There Is Ugliness Around Us

Schools Should Be Filled With More Beauty

Kai Schwemmer, Staff Writer

Think of the most inspiring pieces of art you’ve ever had the chance to enjoy. Which come to mind? Caspar Friedrich’s ‘Wanderer above the Sea of Fog’? ‘The Starry Night’ by Vincent Van Gogh? Or perhaps Michelangelo’s 17-foot-tall, staggeringly beautiful, sculpture of ‘David’?

Or are you more inspired by Marcel Duchamp’s ‘Fountain,’ an ordinary porcelain urinal with a fake signature scribbled on the side? Maybe Andres Serrano’s ‘Piss Christ,’ a work which as the name suggests is a photograph taken of a crucifix submerged in Serrano’s urine? And who can forget Merda d’artista’s canned feces, appropriately titled ‘Artist’s S***’?

It is plain to see that art has died, and with it, the beauty and value of our environment at school.

Our historical attempts to capture beauty on a canvas or in quartz have been seemingly abandoned, and the decay in art has followed us in architecture. Ruined or abandoned structures seem wholly uninviting, often eerie and cold images of Chernobyl’s square cookie-cutter apartments and abandoned housing in urban centers come to mind. Yet the thoughts of structures like the Greek pantheon, or buildings in Europe, whose faces are drawn on by vines and moss, evoke a positive reaction. Despite their state of dilapidation, we see their beauty.

The architecture of today seeks not to inspire or uplift us, but rather to accomplish some task, providing little more than a practical use. Brutalist architecture and the modern cult of function over form have doomed our experiences of the industrial world around us and rather force us to rely on the beauty of friendships and interactions with others.

Schools’ may be the places where beauty is needed most, and yet seemingly the most deprived of it. Walking up to the school we stand under an oppressive orange building, which offers little more than size to draw the eye. The sides which would normally show floral stone details, rounded arches, and moldings have instead been filled by the same window, lined in white, and repeated for every single classroom on a floor.

As we walk in the front doors even the columns, which add some variety to the otherwise bleakly tiled space, offer little more than a felt padding to the entrances overall design. But what of the resting places? Given a variety of options and designs for benches which could include beautiful arm rests, romantic and fluid feet, we decided on benches made of a cold flat slab of rock, and two smaller slabs on which to rest it.

Yet the classroom, the environment wherein the students spends the majority of their time, is perhaps the most depressing. The inspiration for the classrooms at Highland could only be a state penitentiary; the desks, which offer little more than an uncomfortable sleep when a student becomes unsurprisingly tired of their environment, could not possess less creativity. Yet our teachers always wonder why we are so uninterested not only in our classes, but school in general. The most memorable days a student has, are the ones where they get to leave the school.
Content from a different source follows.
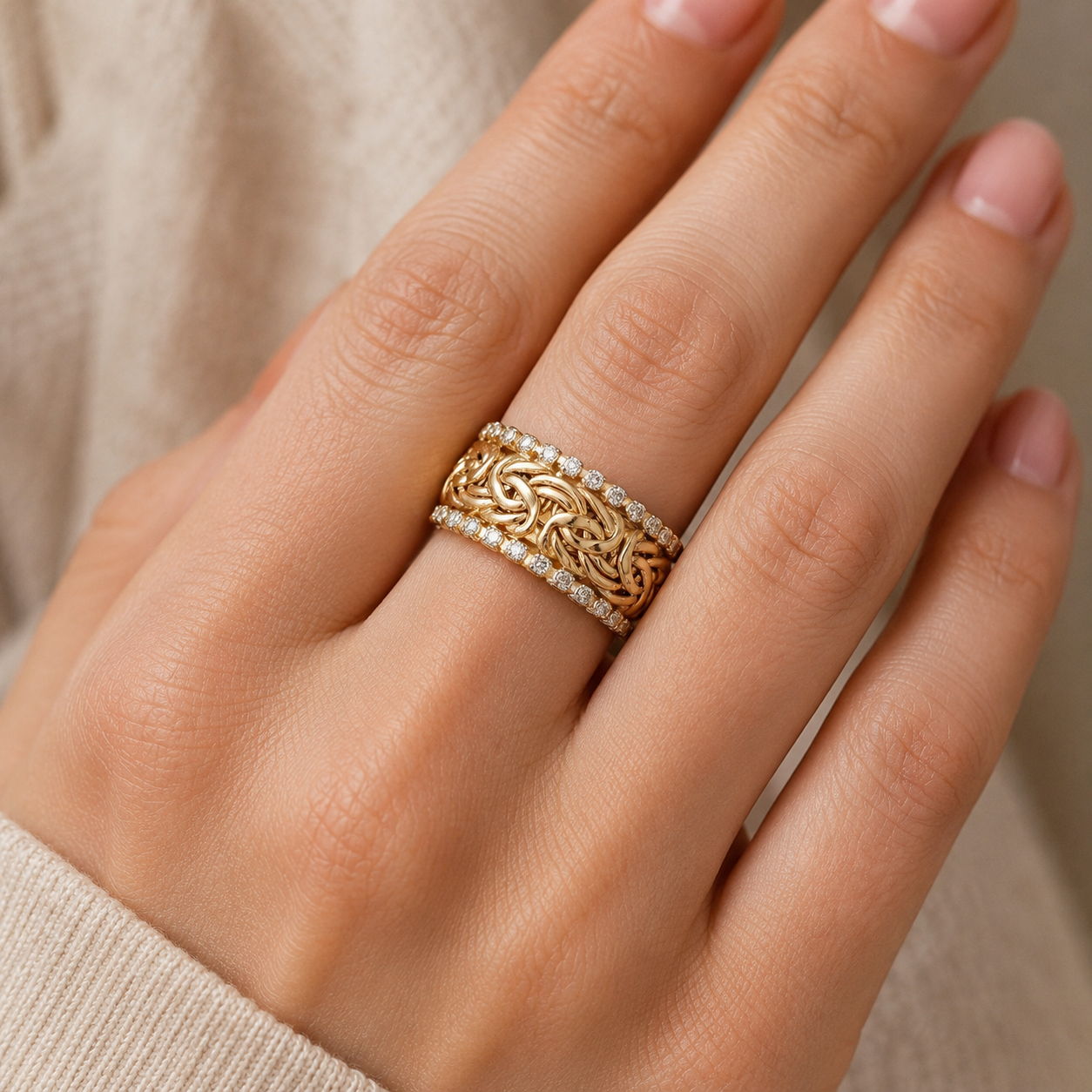 Lydia – Joya de oro trenzado con circonitas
In AP Psychology, the importance of a positive learning environment wherein we felt comfortable was explained to us, but how can we expect to be comfortable in an environment that cares not for its appearance but only its utility?

Are we forever confined to an environment of ugliness? Of course not! Parts of the school have already been improved or transformed through the creativity and ingenuity of students. The art hall for instance, despite being one of the shortest in the school sticks out in our minds as one of the most beautiful. It’s tiled walls are each covered in beautiful students paintings so unique and creative one could spend an entire lunch period fixated on each tile. Or Ms. Conkling’s classroom, which boasts an impressive wall-wide mural of the Buddha giving life to what would be an otherwise bleak classroom.

The antidote to ugliness can only come by encouraging and allowing students to transform their environment to better reflect their creativity and spirit. I hope that going forward the spirit bowl should not be some exception, allowing students only once a year to make their environment attractive, rather that it is the standard.